YOUR OBJECTIVE: Since only part of the material below is wanted, output exactly the lines from the one with "PT Vale Tunjukkan" up to and including the one with "spice Кандалакша".

MATERIAL FOR THIS TASK:
────────────────────────────────────────

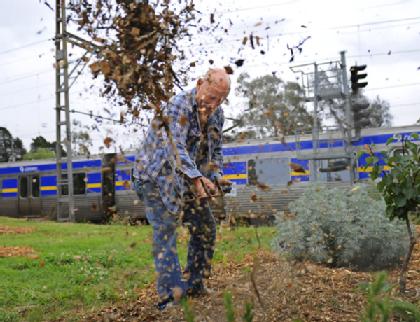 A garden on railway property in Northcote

────────────────────────────────────────

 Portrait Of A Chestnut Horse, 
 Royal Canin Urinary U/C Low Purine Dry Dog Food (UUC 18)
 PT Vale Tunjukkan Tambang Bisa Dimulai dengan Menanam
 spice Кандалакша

────────────────────────────────────────

RESPONSE TO THE EXERCISE:
 PT Vale Tunjukkan Tambang Bisa Dimulai dengan Menanam
 spice Кандалакша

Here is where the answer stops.